After two tough, abbreviated outings, his manager Joe Maddon implored him to use his fastball more. Attack hitters. Pitch more aggressively. In Wednesday night's 17-0 rout against the Indians, Wada hurled seven innings. He struck out six, walked two and allowed four hits.
After the game, Wada stood confidently in front of his locker, a translator by his side. A reporter opened with a standard question, but in this instance, the question did not matter. Wada eschewed the translator. He felt compelled to issue a statement himself.
"I am badass."
Wada admitted, through the translator, that he didn't actually know what the word meant, but that Maddon told him to say it. Each time he said it -- four in total throughout the interview -- it generated heavy laughter from the group of reporters. He didn't know what it meant, but "obviously it is a good thing to say."
What he did know was that to pitch like one, it meant pitching aggressively and using his fastball. Prior to Wednesday, Wada had used his fastball 60 percent of the time this season. On Wednesday, 81 of his 107 pitches (75 percent) were heaters and 52 of them went for strikes.
After falling behind to each of the first six batters he faced, Wada made an adjustment, and began pitching like his new favorite word. From that point on, he used the fastball more and got a first-pitch strike on 13 of the remaining 19 batters he faced, holding the Indians at bay while his offense ran up the score.
"I was talking to Joe after the last outing and he told me I wasn't aggressive enough," Wada said. "I wasn't using the fastball enough. So today I focused on using the fastball and with our hitters' help, it was a big lead, but I was thinking about it being a 0-0 score."

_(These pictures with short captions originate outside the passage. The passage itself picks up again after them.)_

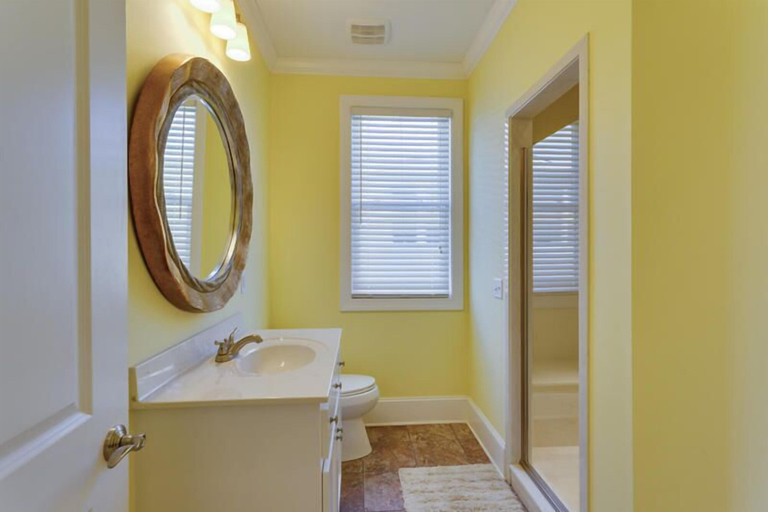 Bathroom 4, 449 Tarpon Blvd, Beaufort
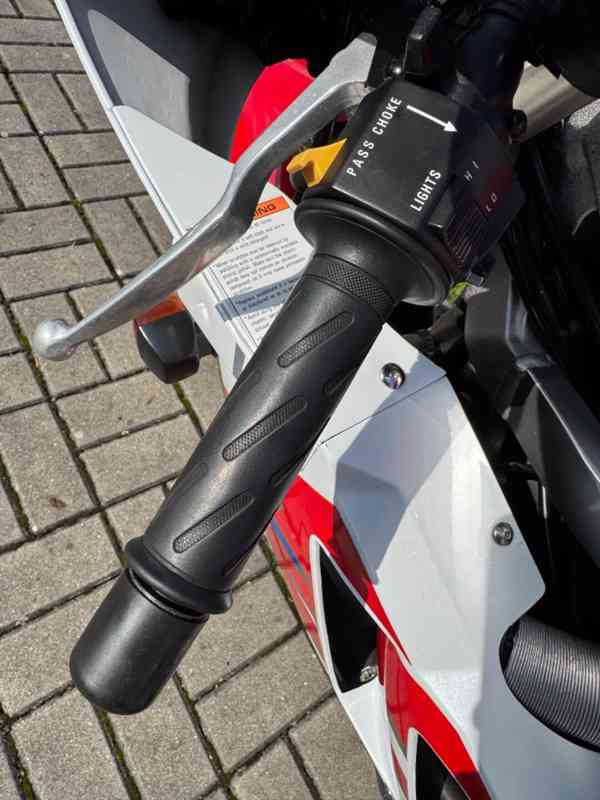 Suzuki GSX-R 400 - foto 13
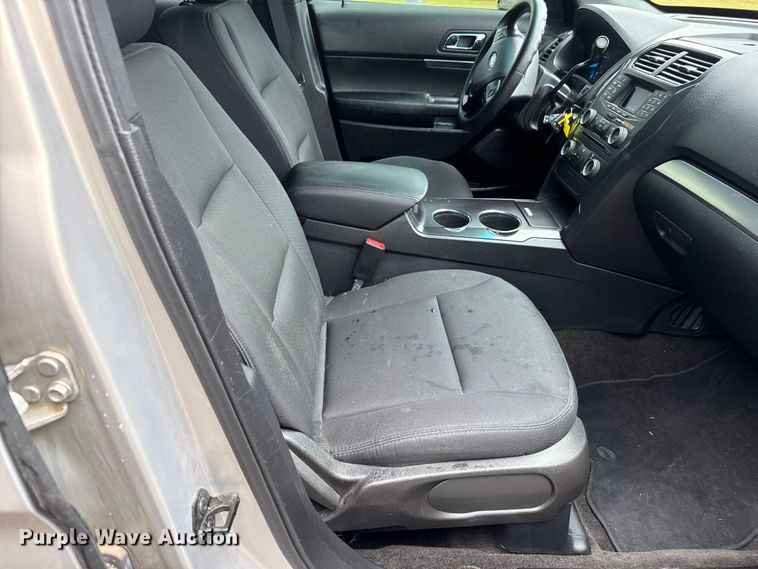 image for item EM8350 2017 Ford Explorer Police Interceptor SUV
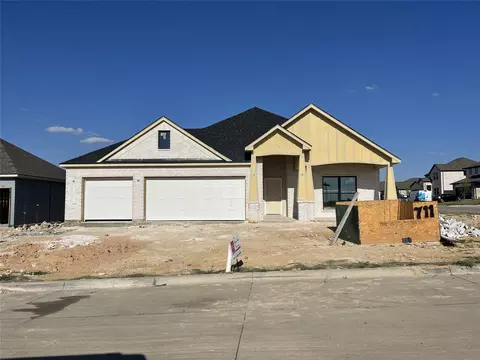 711 Bass Lake Ln, Cleburne, TX 76033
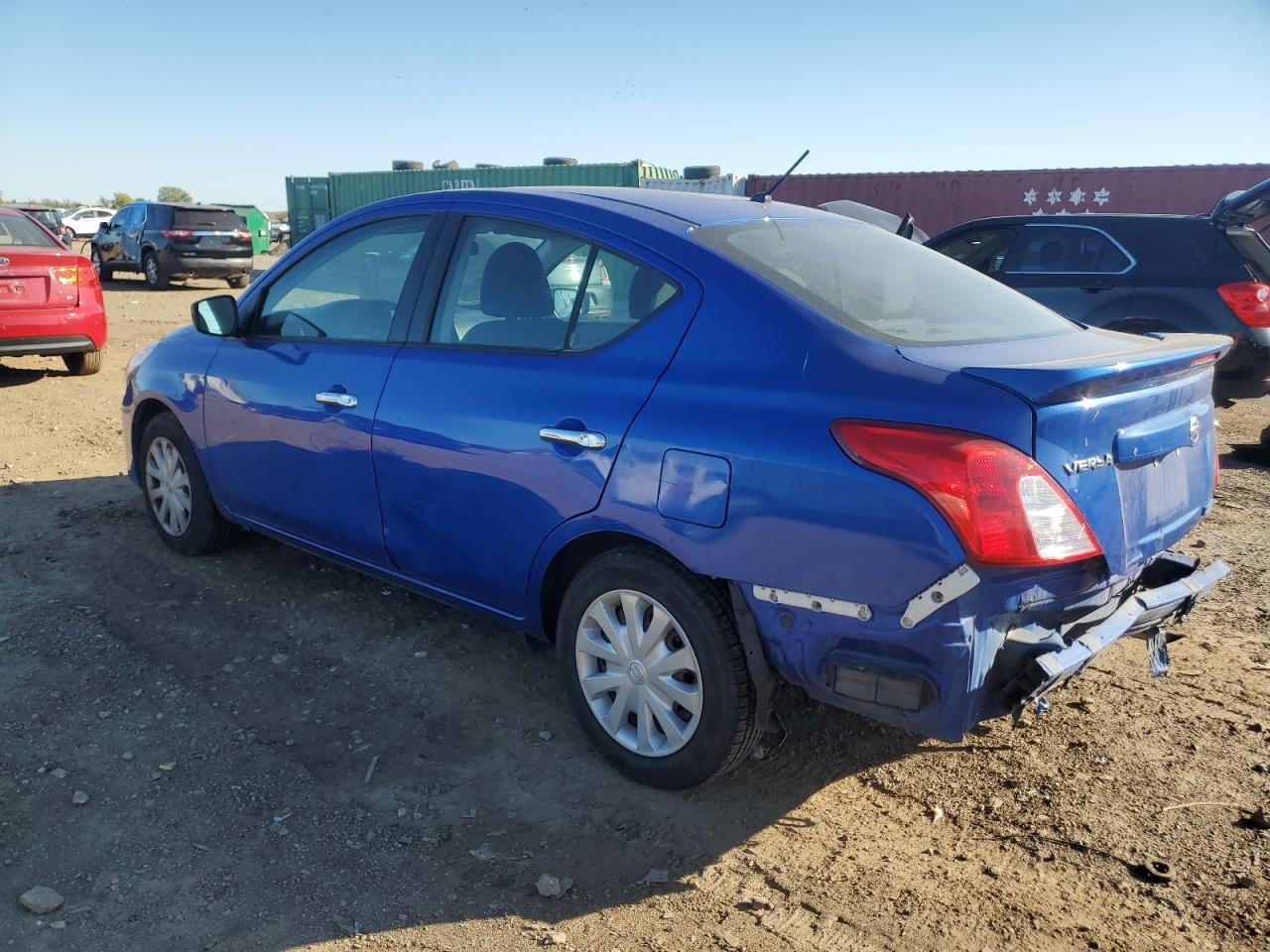 2016 Nissan Versa S - Image 2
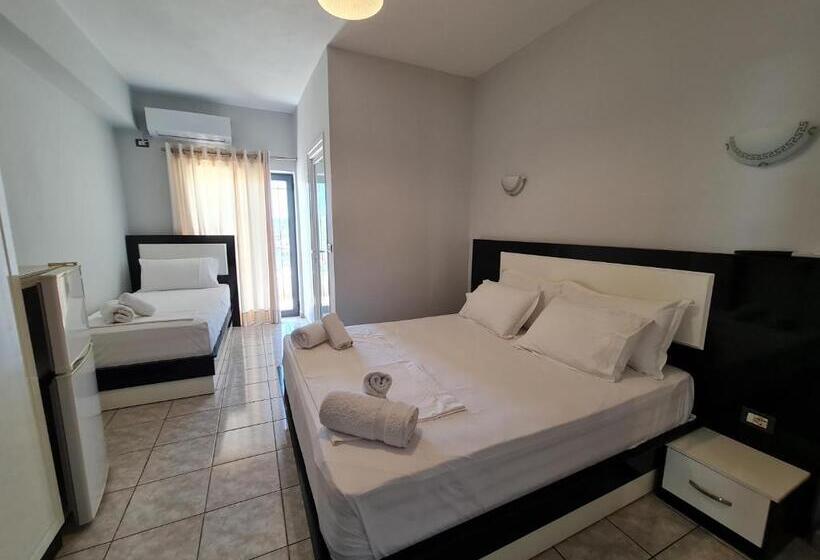 חדר קומפורט לשלושה, Ardiani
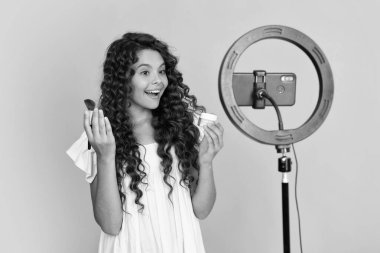 Çocuk video kaydedicisi telefonda video blogu yapıyor. Web günlüğü ve vlog. Genç kız blogger etkileyicisi sosyal medya için video kaydediyor. Mutlu ergen, pozitif ve gülümseyen genç kız duyguları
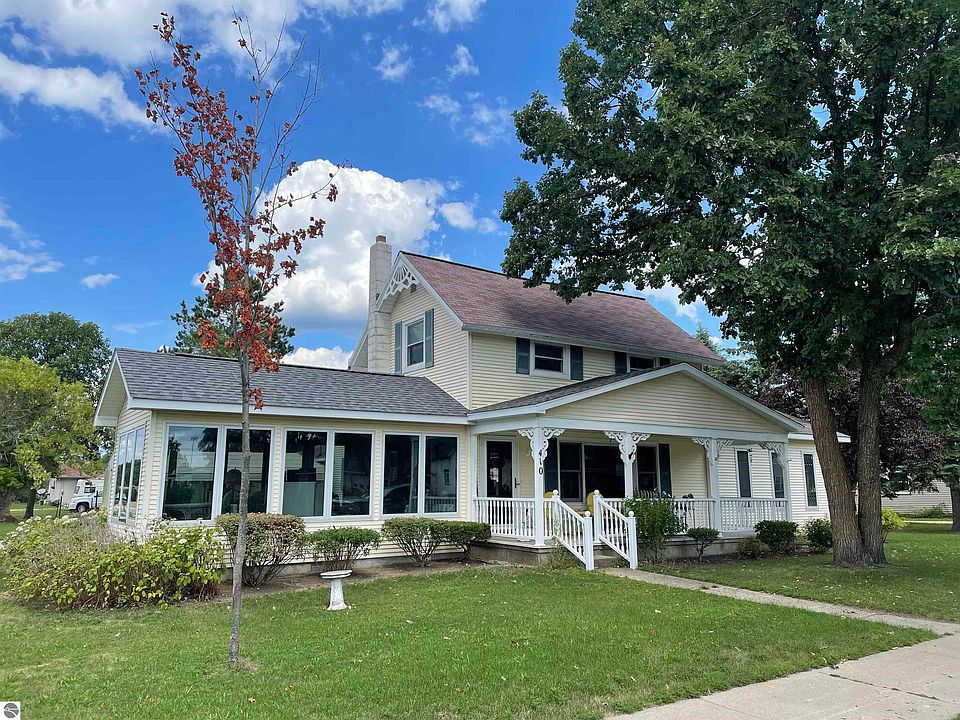 410 W State St, Mancelona, MI 49659 Zillow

After totaling just 6 2/3 innings in his previous two starts combined and allowing eight earned runs in the process, Wada knew he had to buckle down and have a start like the one he had to ensure his spot in the rotation would be safe moving forward. And although he knows that one good outing isn't all it will take, it's a start, and now that Wada has a new favorite word, he wants to be able to say it again in the future.
"Hopefully this is a step-by-step thing," Wada said. "Every outing should be better each time. And then hopefully I will be able to say badass again."